**Information shown:**

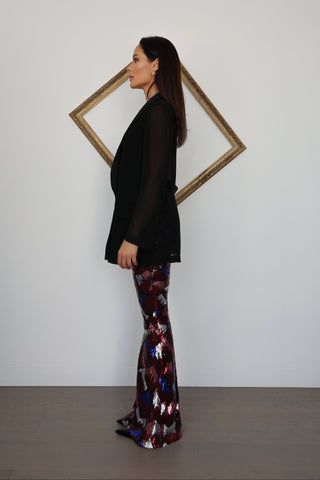 Nadine Merabi geometric sequin flare trousers in burgundy red, blue and silver with a high-waisted fit and statement flared leg silhouette.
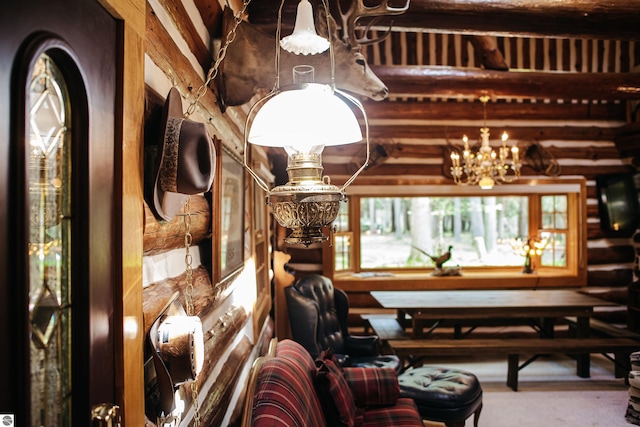 interior space with a chandelier and rustic walls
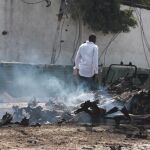 Un hombre pasa junto a los restos de uno de los coches bomba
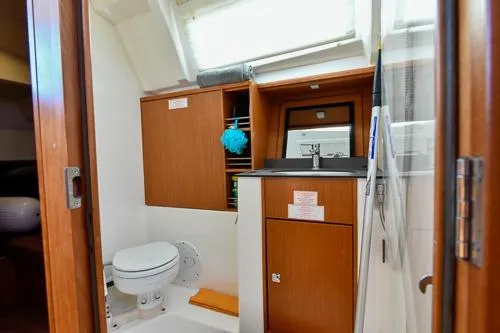 Slide: The Image of 2016 Bavaria Cruiser 41 bathroom with wooden cabinetry and modern fixtures. - 18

**Directions:** Without any of the pictures, reproduce the listing above exactly.

**Exercise solution:**
 Nadine Merabi geometric sequin flare trousers in burgundy red, blue and silver with a high-waisted fit and statement flared leg silhouette.
 interior space with a chandelier and rustic walls
 Un hombre pasa junto a los restos de uno de los coches bomba
 Slide: The Image of 2016 Bavaria Cruiser 41 bathroom with wooden cabinetry and modern fixtures. - 18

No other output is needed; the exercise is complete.